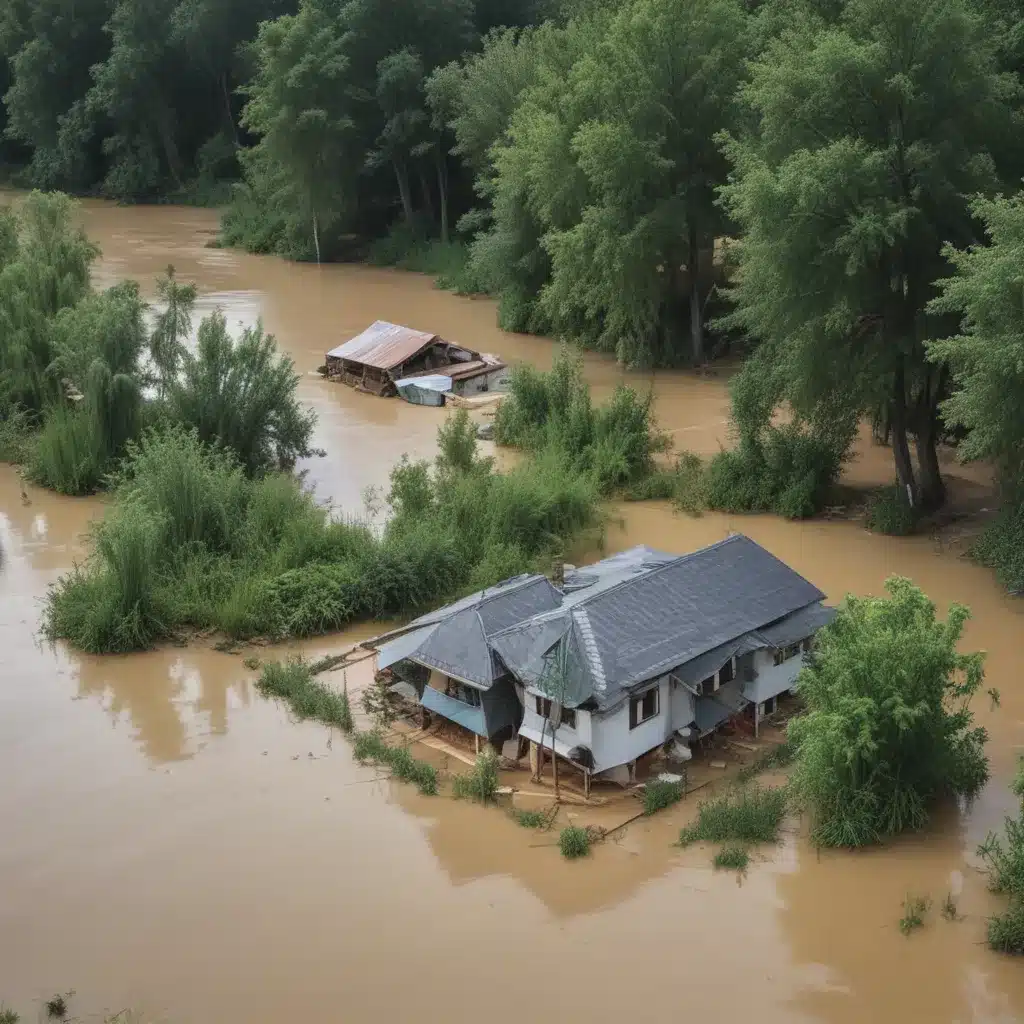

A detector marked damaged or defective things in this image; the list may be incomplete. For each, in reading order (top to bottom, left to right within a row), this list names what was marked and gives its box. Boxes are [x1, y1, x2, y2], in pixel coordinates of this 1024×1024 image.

rusty metal roof [324, 322, 440, 370]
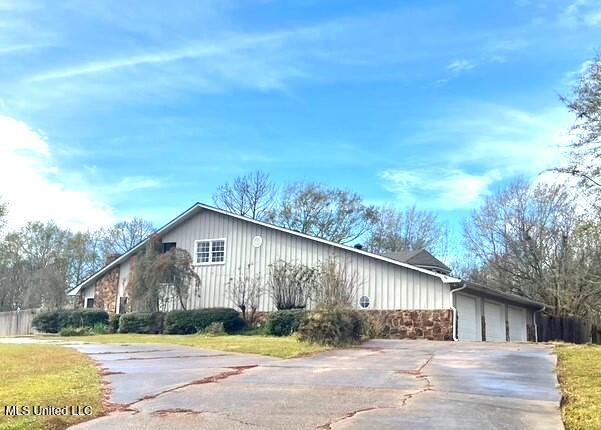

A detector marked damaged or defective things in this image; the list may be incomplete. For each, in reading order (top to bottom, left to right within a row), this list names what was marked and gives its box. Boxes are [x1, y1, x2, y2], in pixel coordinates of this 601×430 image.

cracked pavement [63, 340, 564, 430]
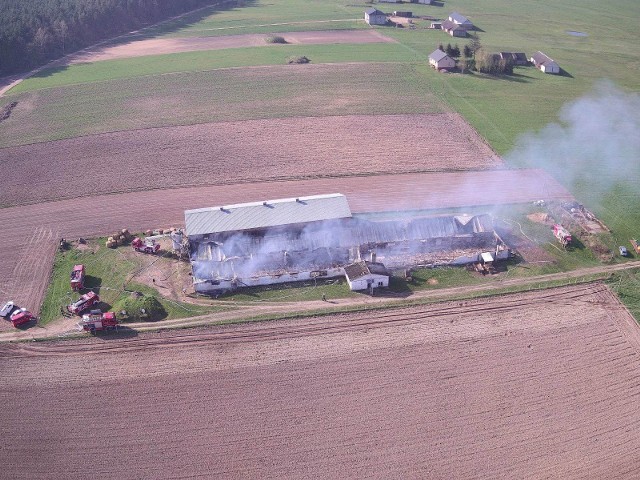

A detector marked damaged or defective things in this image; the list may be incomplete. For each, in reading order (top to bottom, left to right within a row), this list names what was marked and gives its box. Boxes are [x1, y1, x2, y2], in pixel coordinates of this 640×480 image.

burned barn [182, 194, 508, 292]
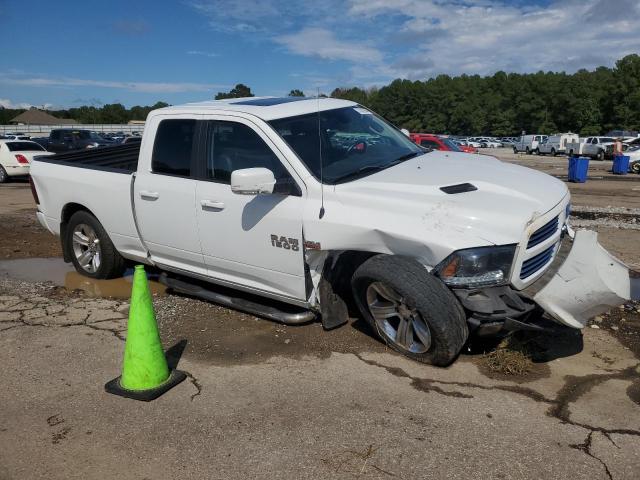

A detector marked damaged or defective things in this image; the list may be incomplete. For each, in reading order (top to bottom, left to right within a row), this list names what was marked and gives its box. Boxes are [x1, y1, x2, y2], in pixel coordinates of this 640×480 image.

detached front bumper [452, 229, 636, 334]
damaged front end [452, 231, 636, 336]
detached front bumper [528, 230, 636, 328]
crumpled fender [536, 230, 636, 328]
cracked concrete pavement [0, 278, 636, 480]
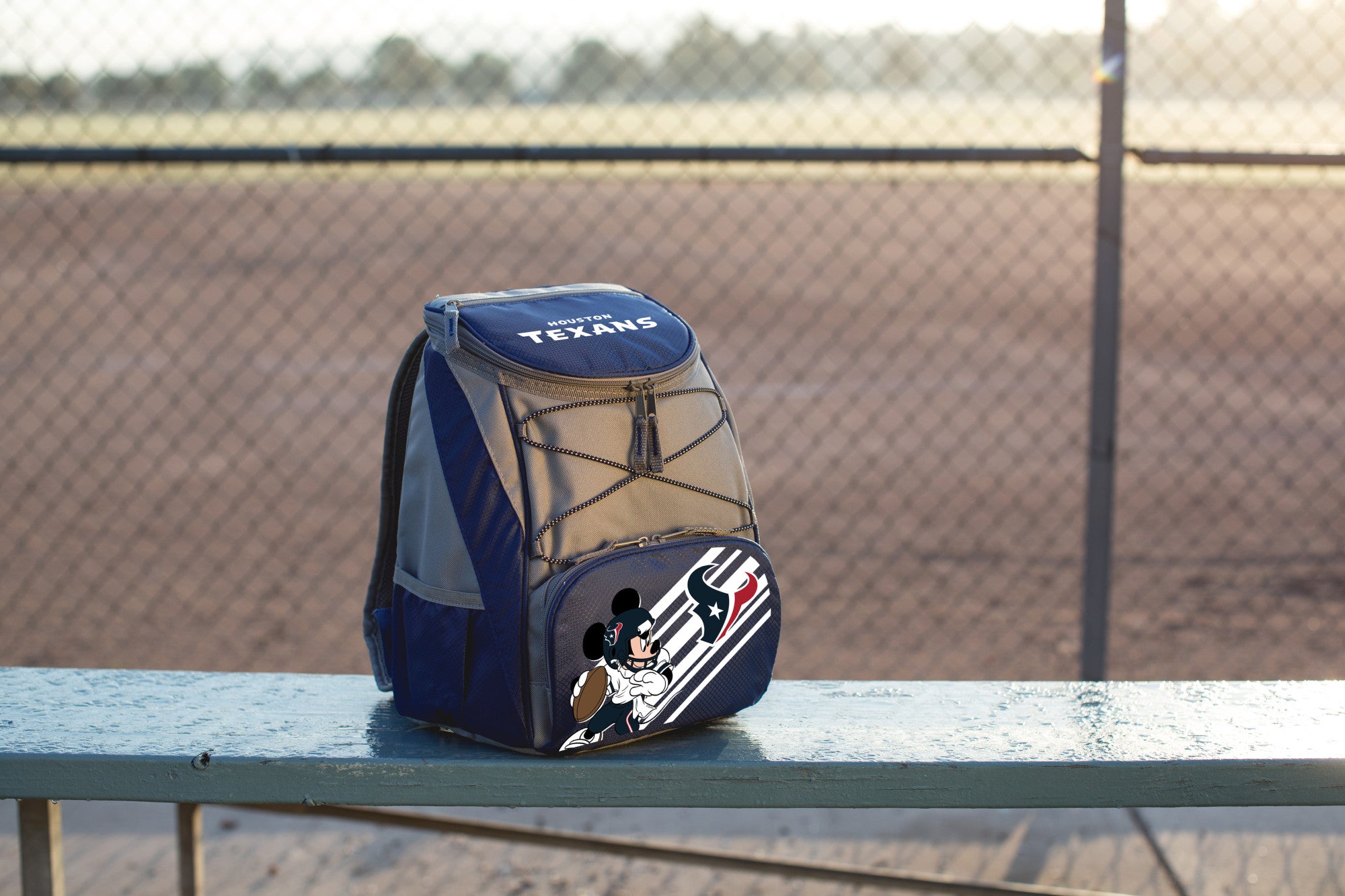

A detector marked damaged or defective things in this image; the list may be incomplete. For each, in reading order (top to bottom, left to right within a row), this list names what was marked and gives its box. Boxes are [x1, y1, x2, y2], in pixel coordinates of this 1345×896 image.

peeling paint on bench [2, 667, 1345, 807]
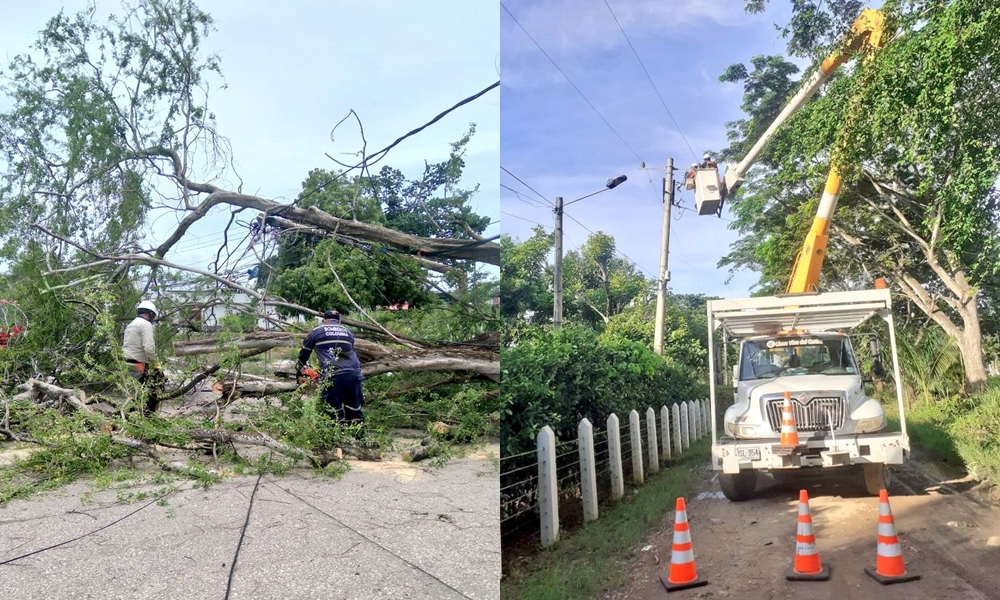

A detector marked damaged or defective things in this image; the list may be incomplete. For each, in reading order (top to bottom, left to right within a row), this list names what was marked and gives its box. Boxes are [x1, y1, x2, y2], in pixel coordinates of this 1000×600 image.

cracked concrete road [0, 450, 500, 600]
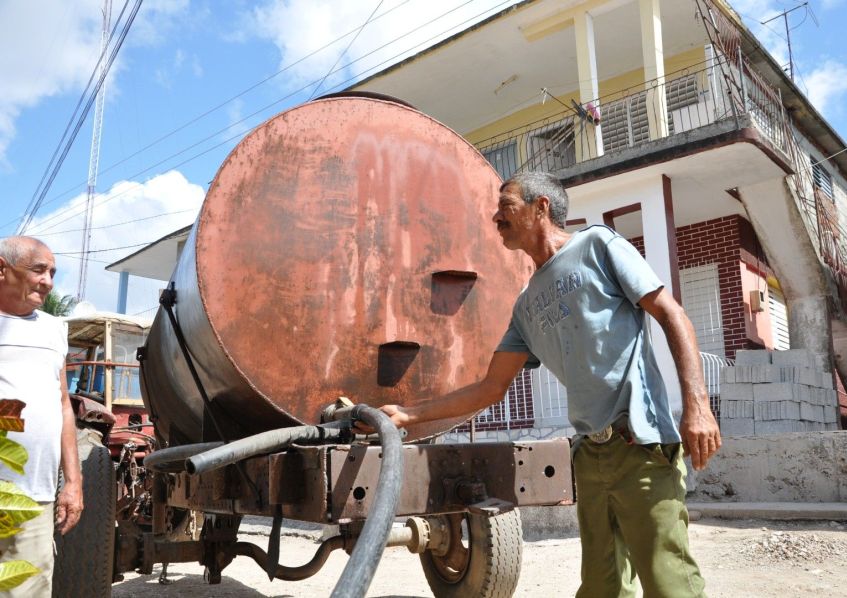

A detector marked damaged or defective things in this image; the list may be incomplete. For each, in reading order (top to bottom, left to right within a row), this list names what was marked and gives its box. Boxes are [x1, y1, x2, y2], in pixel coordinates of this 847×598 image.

rusty metal water tank [142, 96, 532, 446]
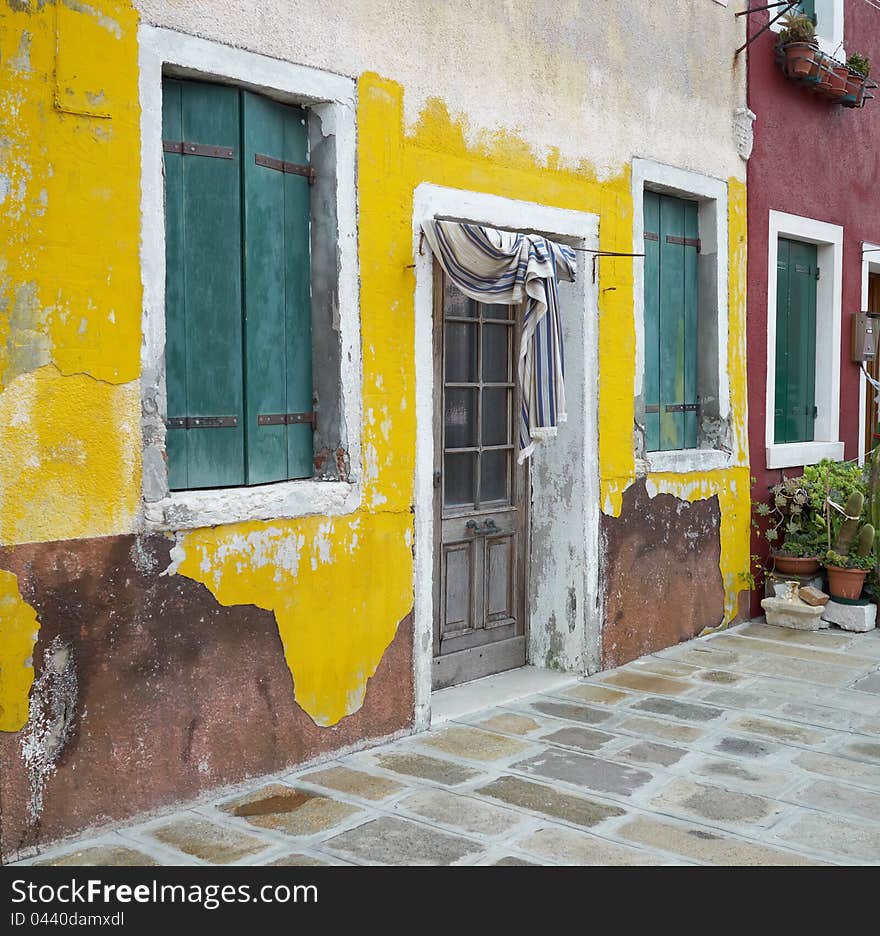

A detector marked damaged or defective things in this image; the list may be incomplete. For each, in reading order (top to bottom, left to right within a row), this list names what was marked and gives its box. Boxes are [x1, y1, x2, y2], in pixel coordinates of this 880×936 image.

peeling yellow paint [0, 568, 40, 736]
rust stain on wall [0, 532, 416, 864]
rust stain on wall [600, 478, 724, 668]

-.-.-

▸ **What you have to do**: Look for the line with "this 880×936 image." in the records above. Repeat it and each line after it exactly.

▸ **Task output**:
A detector marked damaged or defective things in this image; the list may be incomplete. For each, in reading order (top to bottom, left to right within a row), this list names what was marked and gives its box. Boxes are [x1, y1, x2, y2], in pixel coordinates of this 880×936 image.

peeling yellow paint [0, 568, 40, 736]
rust stain on wall [0, 532, 416, 864]
rust stain on wall [600, 478, 724, 668]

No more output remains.